Given the already significant length and complexity of the draft and
protocol, I think "simplicity of implementation" is a significant
concern.  I don't see a negative impact here.

>
>
> Section 5.6.2: " received  A bitmask indicating if each of the previous
> 32 sequence numbers before this packet has been among the 32 packets
> most recently received on this connection."
>
> => I had a hard time in understanding this sentence, and it
> implications. I guess that this bitmask doesn't ensure full reliability,
> at least in corner cases (e. g. 33 messages being lost in sequence). In
> other words, this is a partial reliability scheme. I wonder why not to
> use a cumulative ack with a bitmask acking out-of-order data, similar to
> TCP's SACK. Also, the requirement of only acking the "32 packets most
> recently received" may have undesired effects (e. g., what happens in
> case of packet duplication?). In fact, instead of this customized
> scheme, running a small subset of TCP's mechanisms in the user space
> might just be fine, and I don't understand why this would be more
> complex than implementing this scheme.
>

below

>
> Section 5.6.2: "The received field bits in the ACK provide a high degree
> of redundancy so that the sender can figure out which packets the
> receiver has received and can then estimate packet loss rates. If the
> sender also keeps track of the time at which recent sequence numbers
> have been sent, the RTT can be estimated."
>
> => There is a lot of redunancy, indeed. But it would help to have a
> short paragraph that explains how the sender indeed estimates the packet
> loss rate. And note that the wording is slightly misleading: IMHO it is
> not the *redundancy* that enables the sender to estimate the packet loss
> rate. Other acknowlegdement schemes with less redundancy would work as
> well.
>

The discussion about what protocol to use here was one of the most
controversial issues we had to address (both among the authors and
within the wg).  While I personally wanted to include a more tcp-like
layer here, I was outvoted on the issue on the ground that what we
have now is simpler (at least to those not sufficiently familiar with
TCP), safe for network stability, and has sufficient performance for
most overlays.  We hope that more work will come out of TSV on
appropriate user-layer/tunneled over UDP protocols that can be used to
replace what's here in the future, but we decided to leave such work
out of this draft as it was already sufficiently complexed.  (and at
the time I had hoped to spend time working with folks in TSV on such
issues, but have had to curtail my IETF time recently as my current
position doesn't support such work)

>
> Section 5.6.3.1: "In general, senders MAY implement any rate control
> scheme of their choice, provided that it is REQUIRED to be no more
> aggressive then TFRC[RFC5348]. The following section describes a simple,
> inefficient scheme that complies with this requirement."
>
> => Maybe I again miss something, but as far as I can see the following
> sections doesn't fully explain how TFRC is implemented here. For
> example, TFRC requires information about the segment size; this is not
> considered here. In general, it is not clear to me why a simple baseline
> implementation does not follow the TFRC protocol (RFC 5348) more closely
> (or a light-weight user-space TCP-like protocol).
>

again, simplicity won out.  We believe what's there is a simpler
protocol (the simplest we could think of) that follows the requirement
of being less aggressive than TFRC.

>
> Section 5.6.3.1.1: "In each retransmission, the sequence number is
> incremented."
>
> => It would be worth to spend a sentence about the rational and
> consequences of this. For instance, whether this implies that a receiver
> may process the original message and the retransmission twice.
>

Happy to spend a sentence on this, but just to be clear, this is
designed to allow the world's dumbest stop-and-wait protocol.
Specifically, the goal of 5.6.3.1.1 is to specify a ludicrously
simple, totally safe algorithm that is sufficient for most envisioned
deployments of P2PSIP for implementors who don't want to spend the
time implementing TFRC.  I would hope most do spend the time, but it
seemed unnecessary to specify how TFRC works in this document.

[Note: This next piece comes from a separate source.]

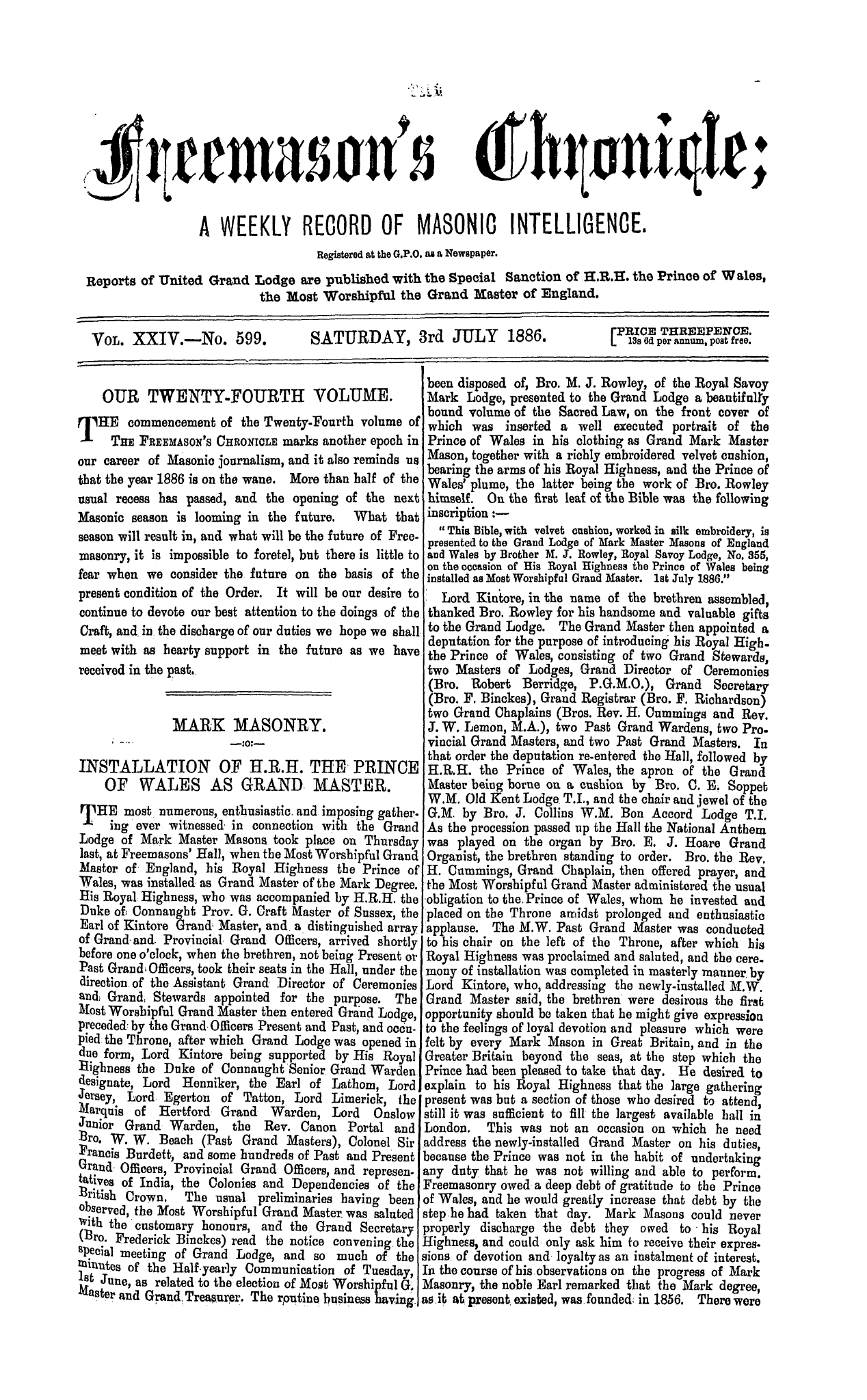 The Freemason's Chronicle: 1886-07-03: 1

As far as the separate sequence numbers, they can be used because
there's no issue with processing here as with TCP sequence numbers
(this is the link-level hop-by-hop protocol), and if you want to do
something fancier than stop-and-wait, it avoids ambiguity in
calculating RTO (i.e. you don't need Karn's algorithm).  Essentially,
the receiver should is designed to be compliant with a much more
intelligent sender than the stop-and-wait specified in this section,
similar to the simplest TCP receivers.

>
> Section 5.6.3.1.1: "Implementations that use a dynamic estimate to
> compute the RTO MUST use the algorithm described in RFC 6298[RFC6298],
> with the exception that the value of RTO SHOULD NOT be rounded up to the
> nearest second but instead rounded up to the nearest millisecond."
>
> => This sentence doesn't cite RFC 6298 correctly. RFC 6298 doesn't
> mandate to round up to the nearest second. It mandates a minimum RTO of
> 1 second. And I strongly suggest to use such a minimum RTO as well
> (maybe 500ms as minimum would be OK as well).
>

I think you refer to where 6298 says:

         Until a round-trip time (RTT) measurement has been made for a
         segment sent between the sender and receiver, the sender SHOULD
         set RTO <- 1 second, though the "backing off" on repeated
         retransmission discussed in (5.5) still applies.

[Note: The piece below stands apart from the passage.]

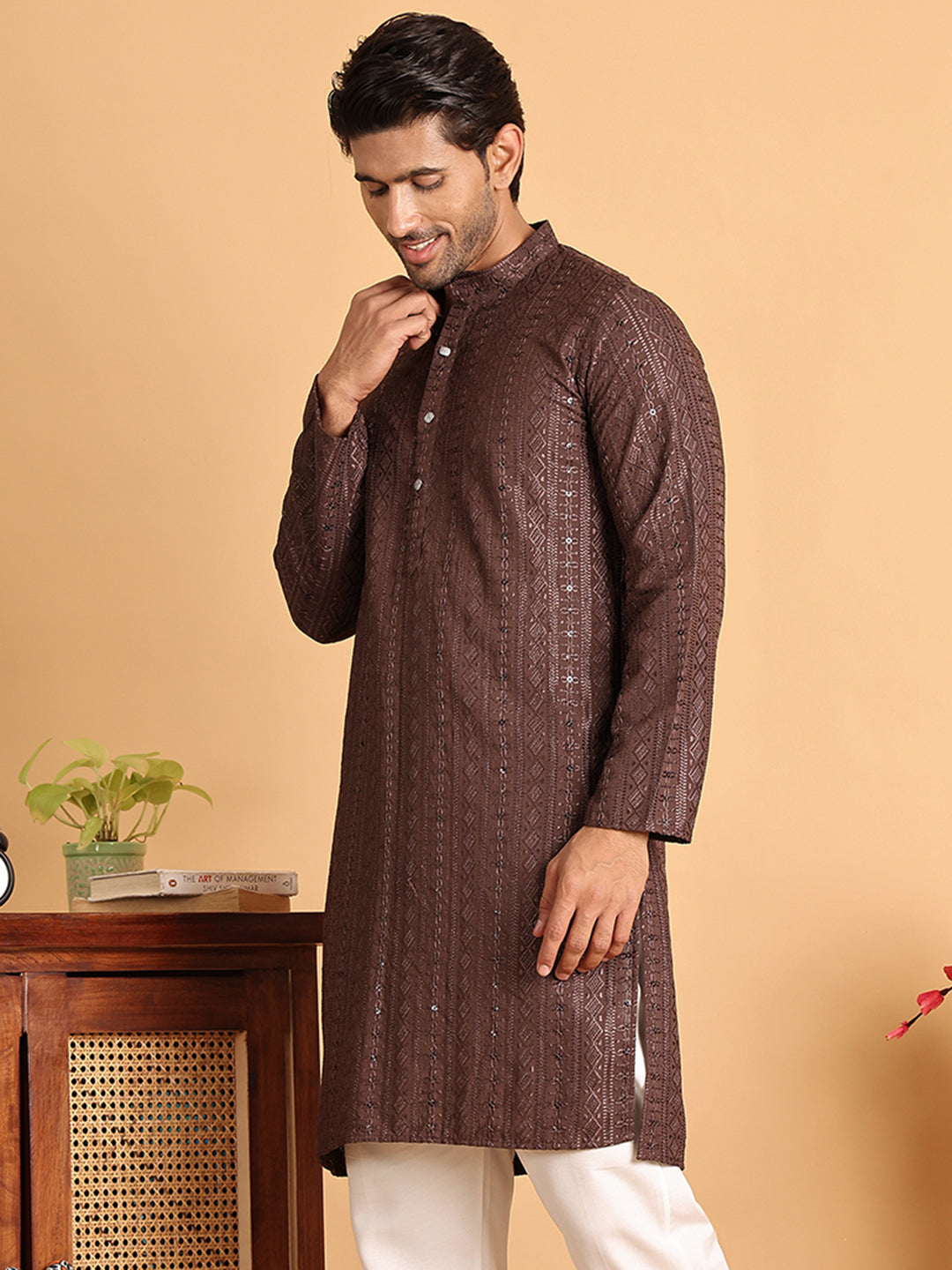 Embroidered Straight Kurtas For Men ( KO 5118Coffee )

there's no need for that as ICE has already completed, so we have an
RTT measurement.

>
> Section 5.6.3.1.1: "Once an ACK has been received for a message, the
> next message can be sent, but the peer SHOULD ensure that there is at
> least 10 ms between sending any two messages.  The only time a value
> less than 10 ms can be used is when it is known that all nodes are on a
> network that can support retransmissions faster than 10 ms with no
> congestion issues."
>
> => This last requirement cannot be achieved in practice, IMHO. It is
> impossible to know in advance congestion situations unless the overlay
> operates in a fully controlled environment without any risk of link
> failures etc.

The operating environment referred to would be a LAN or similar.  (more below)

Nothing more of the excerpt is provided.